THz Radar Imaging (Caltech/JPL): Using our NASA developed source and sensor technologies we have started the first work on THz FMCW radar. In this very exciting program we have designed, fabricating and begun testing a 670 GHz FMCW radar imager that can mechanically scan and 3D reconstruct (using radar ranging) objects between 1 and 25 meters distance with cm resolution in all three dimensions. Since THz waves can pass through many dielectrics, the system is being applied to undergarment threat detection. However significant phenomenologic breakthroughs have already been established through the use of this established technique in this new frequency range. The ultimate goal of the program is to demonstrate near video rate imaging over a modest angular scene scale. The work is being supported by the DoD and most of the instrumentation resides at JPL. Program participants include a number of JPL SWAT team members, particularly Dr.
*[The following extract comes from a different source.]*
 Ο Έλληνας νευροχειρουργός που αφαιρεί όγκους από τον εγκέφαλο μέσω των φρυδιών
Ken Cooper, Dr. Goutam Chattopadhyay and Mr. Robert Dengler. Other contributors are Dr. Nuria Llombart and Dr. Tomas Bryllert, as well as JPL’s Dr. Imran Mehdi, Dr. Choonsup Lee, Dr. Anders Skalare and Dr. Erich Schlecht.
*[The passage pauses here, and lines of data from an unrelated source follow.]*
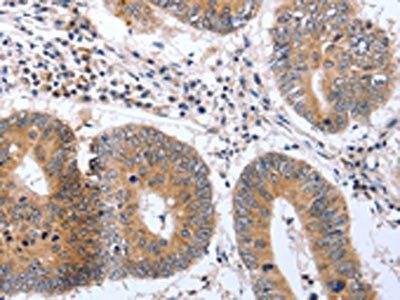 PSPN Antibody
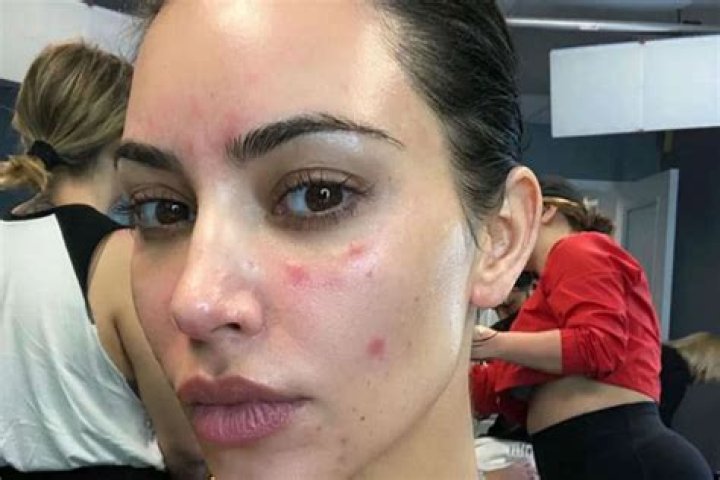 Kim Kardashian Opens Up About Her Struggle With Psoriasis – ‘The Pain Was So Unbearable’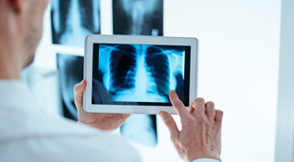 Digital X-RAY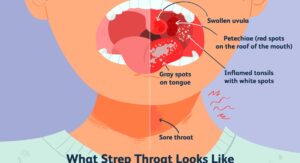 Contagious Strep Throat How Long Peak Window:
THz Radar Imaging using Integrated Planar Arrays (Caltech/JPL): Although not yet funded, this program is intended as a follow-on to the radar imaging program already described. In this approach, novel planar array architectures combined with GaAs MMIC transceiver circuitry are envisioned for the realization of phased array transceivers at 300 GHz. Applications go well beyond the security screening field and spill over into multipixel spectrometers for both the space science and biomedical areas. A low level design effort is ongoing as a precursor to future proposal opportunities that may materialize in the coming year. Primary collaborators include the JPL SWAT group, Teledyne - Thousand Oaks and former Caltech postdoctoral Dr. Nuria Llombart (currently at Complutense University of Madrid )
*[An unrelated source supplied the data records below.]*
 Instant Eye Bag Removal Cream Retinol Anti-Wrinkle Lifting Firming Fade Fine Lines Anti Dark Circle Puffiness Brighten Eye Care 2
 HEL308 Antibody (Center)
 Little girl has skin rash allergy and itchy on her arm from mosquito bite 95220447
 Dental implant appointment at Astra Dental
Source and Sensor Development: This ongoing set of tasks has been the core of the JPL SWAT team work for more than 15 years and represents the major thrust of the Earth, planetary and space science applications. A continually evolving set of technical goals and spectroscopic techniques and applications derive from the devices and components that are being developed. These span the frequency range from 100 GHz to 5 THz and include two and three terminal semiconductor devices, passive waveguide and quasi optical components, novel planar and planar array antennas, superconducting detectors, carbon nanotube based sensors and sources, many varieties of upconverter and downconverter circuits and any components that might be critical for achieving a particular instrument goal. The work spans both development and actual delivered flight components, subsystems and instruments. The team works with scientists, engineers and flight systems people to propose, plan, and implement NASA missions and collaborates with space agencies and institutions world wide. The team has so far delivered flight hardware for four major programs including two Earth science, one planetary and one space science mission. Major participants include JPL’s Dr. Imran Mehdi, Dr. Lorene Samoska, Dr. Jonathon Kawamura, Dr. Erich Schlecht, Dr. Goutam Chattopadhyay, Dr. Anders Skalare, Dr. Ken Cooper, Dr. Boris Karasik, Dr. Hamid Javadi, Dr. Andy Fung, Dr. Harish Manohara, Dr. Frank Maiwald, Dr. John Gill, Dr. Choonsup Lee, Dr. Faouzi Boussaha, Dr. Cecile Jung, Dr. Bertrand Thomas, Mr. Robert Dengler, Mr. Robert Lin, Mr. Alex Peralta, Mr. David Pukala, and Mr. Seth Sin.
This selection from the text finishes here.